#BookReview by Lou – The Ruins by Mat Osman @matosman #TheRuins #Fiction #Music

The Ruins
By Mat Osman

Rating: 4.5 out of 5.

The Ruins embodies music, murder and attitude! It’s one for the music lovers with all the music references and the darker side to this business and for those who like murder mysteries and intrigue. I bought The Ruins after Mat Osman started to follow me on Twitter, to which I followed him back, also would be a bit churlish not to as I review his brother’s books. He is the younger brother of Richard Osman and is best known as the bassist in the rock band – Suede and for appearing on popular tv programmes, such as 8 out of 10 Cats. 
Follow down to discover the blurb and my review.

The Ruins


An extraordinary novel about the ubiquitous mysteries of family, memory and music.

London, 2010: Icelandic volcanoes have the city in gridlock, banks topple like dominoes and Brandon Kussgarten has been shot dead by gunmen in Donald Duck masks.

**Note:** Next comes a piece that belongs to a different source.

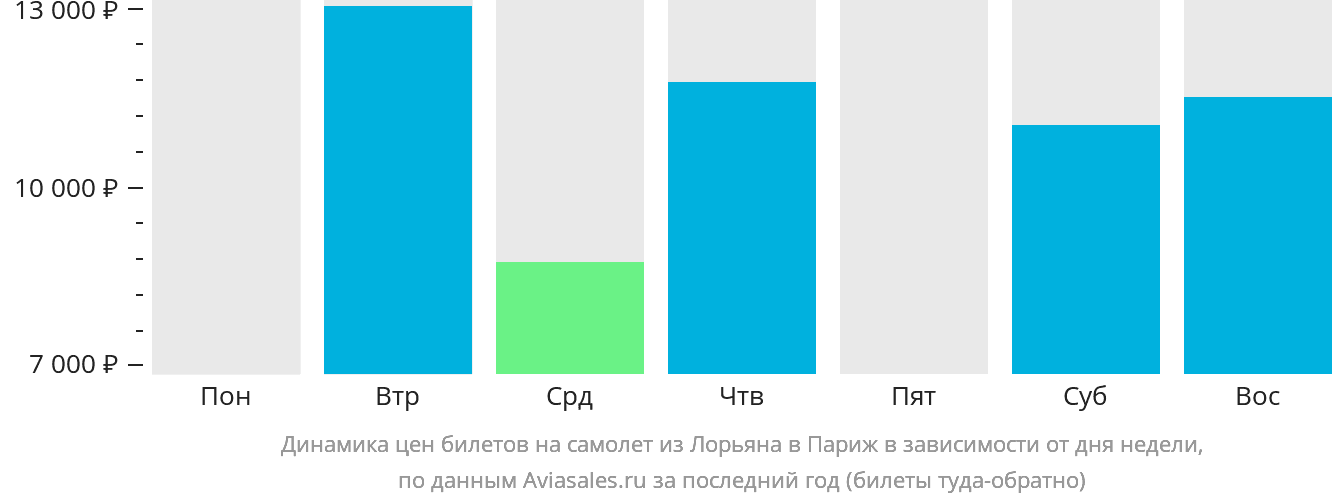 Динамика цен билетов на самолёт из Лорьяна в Париж в зависимости от дня недели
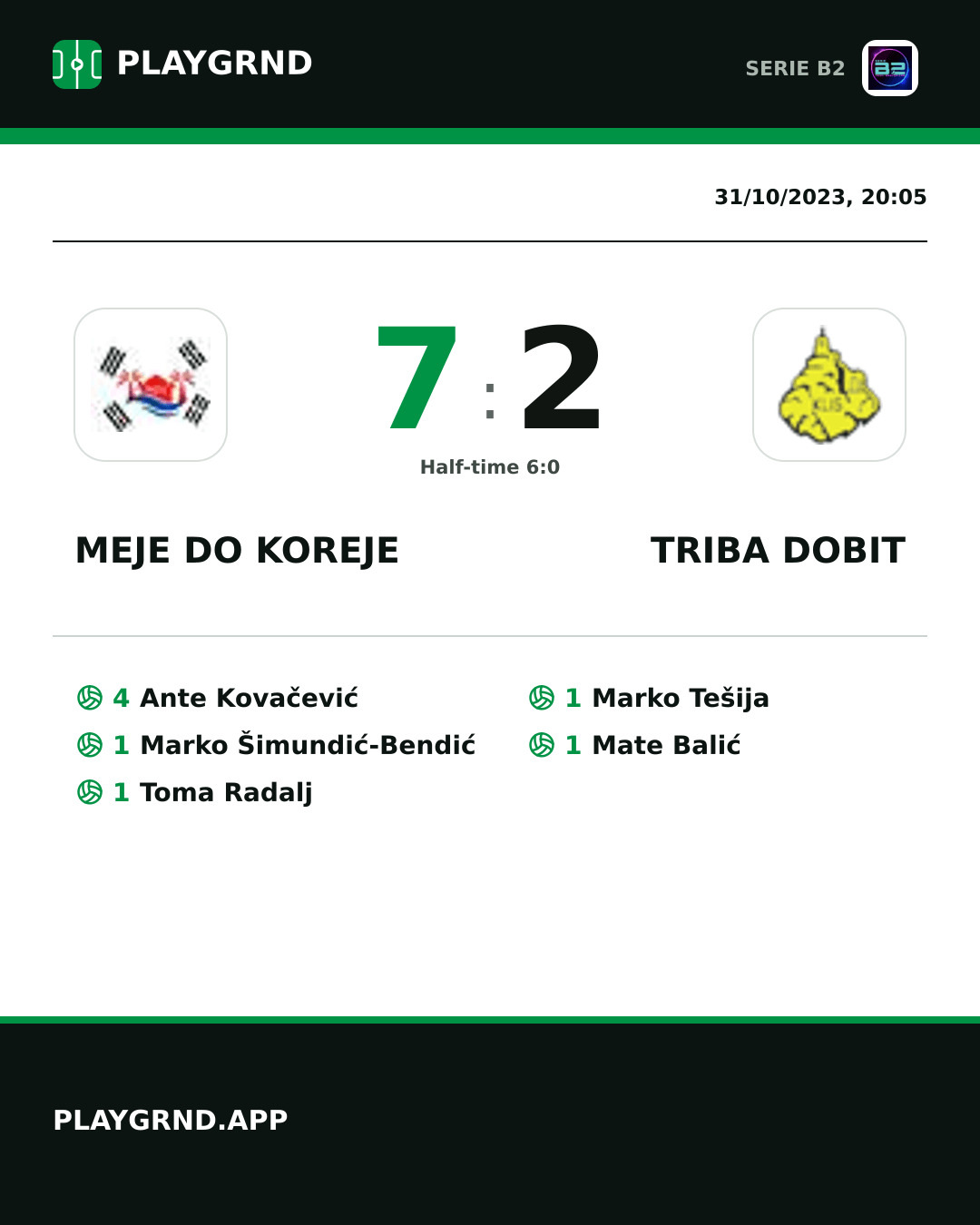 Instagram artwork: Meje DO Koreje 7:2 Triba Dobit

His death draws his twin brother — shy, bookish Adam — into Brandon’s underworld of deceit and desire.

A miniature kingdom sprouts in a Notting Hill tower-block, LA mansions burn in week-long parties, and in a Baroque hotel suite a record is being made that could redeem its maker even as it destroys him. As Adam begins to fall for his brother’s shattered family he finds that to win them for himself he’ll have to lose everything that he holds dear.

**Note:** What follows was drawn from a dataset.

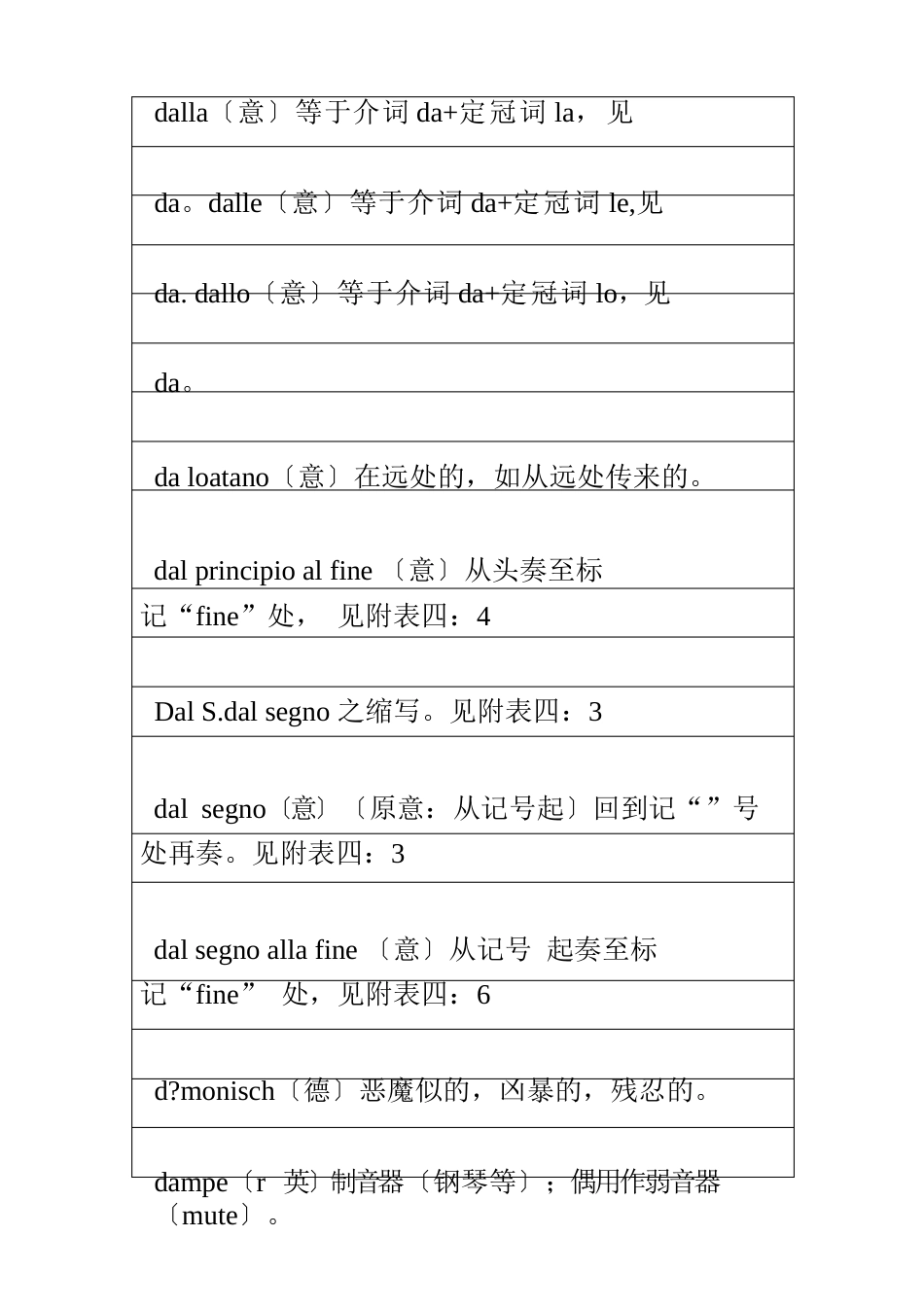 10音乐表演专业技术词汇对照表A_第3页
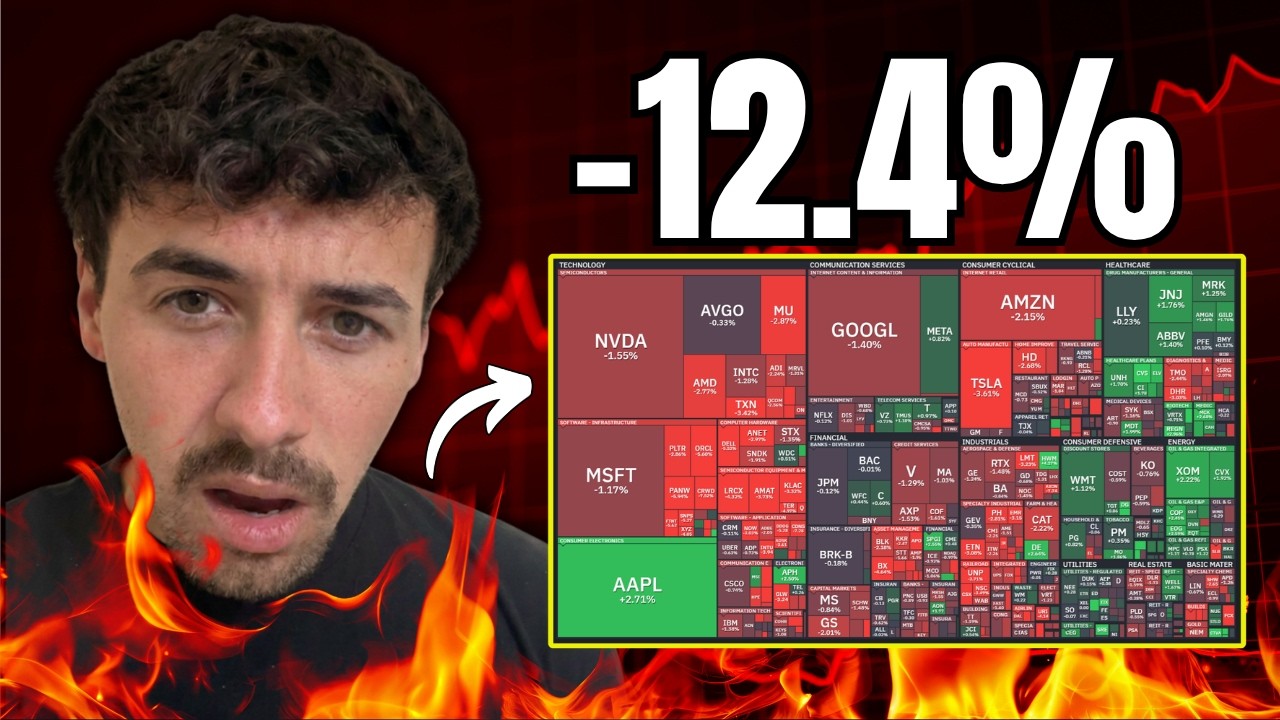 The September Correction JUST STARTED?! (Stocks I'm Buying NOW)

With echoes of Performance, The Talented Mr Ripley and Mulholland Drive, The Ruins delves into the dark heart of fame: magic, music and murder.


This is interesting from the first page. The narrator is certainly very original and strategises creating an earthquake and contemplates how catastrophic to make it. It creates a powerful and poignant opening for what’s to come.
Readers will be introduced to Nottinghill and Umbrage as well as the tangible and metaphorical within the way life goes. There’s a carousel, which is very tangible and yet also demonstrates how life spins round and there are ups and downs and the whole world of music and Umbrage all becomes intriguing. It certainly seems to cover everything and Mat Osman has used his music credentials and ability to write to create this fascinating book, where family, love, murder, music, fame and the trappings of it are all bound together.

Brandon dies and Adam is told as bluntly as blunt can be and then it is discovered there are secrets and delves deeply and excitedly into the music industry. The book gets into the mystery from there of what happened to Brandon. The recounting of what happened is filled with action and intrigue. This is dark, sinister and  gritty as it shows Brandon was far from leading a clean cut life, having been in trouble with the law. 

Mat Osman delves into the darker side of the human psyche and even as far as the theme of what it would be like to pretend to be your sibling to find out more about your brother’s life and who he knew. It shows life isn’t always glamourous in the music business. It’s a bit like stepping into the backstage or inside a musician’s head to see what they privately; really think about a gig and about London and then slip into the party. It’s like the doors are flung wide open and a spotlight shining on the whole music scene and grittier than ever before to show just how dark it can get all in one story. It’s all the things that everyone knows a bit about it from news headlines, but written in fiction and still just as hardhitting and shows even more than what people read about, and yet there is also a bit dreamy in feel at times too.

Readers delve into characters lives where there is plenty of  attitude and ego to the point of narcisistic tendencies. Within this is also the question of identity, how people see themselves, what seering ambition can do to people and affect how people see them, how in fame, people can see you differently to how you really are and living with this, almost dual identity.

It certainly covers a great deal and will leave readers satisfied by the end, with all the tension of emotion that ripples through the book, heightening to a crescendo.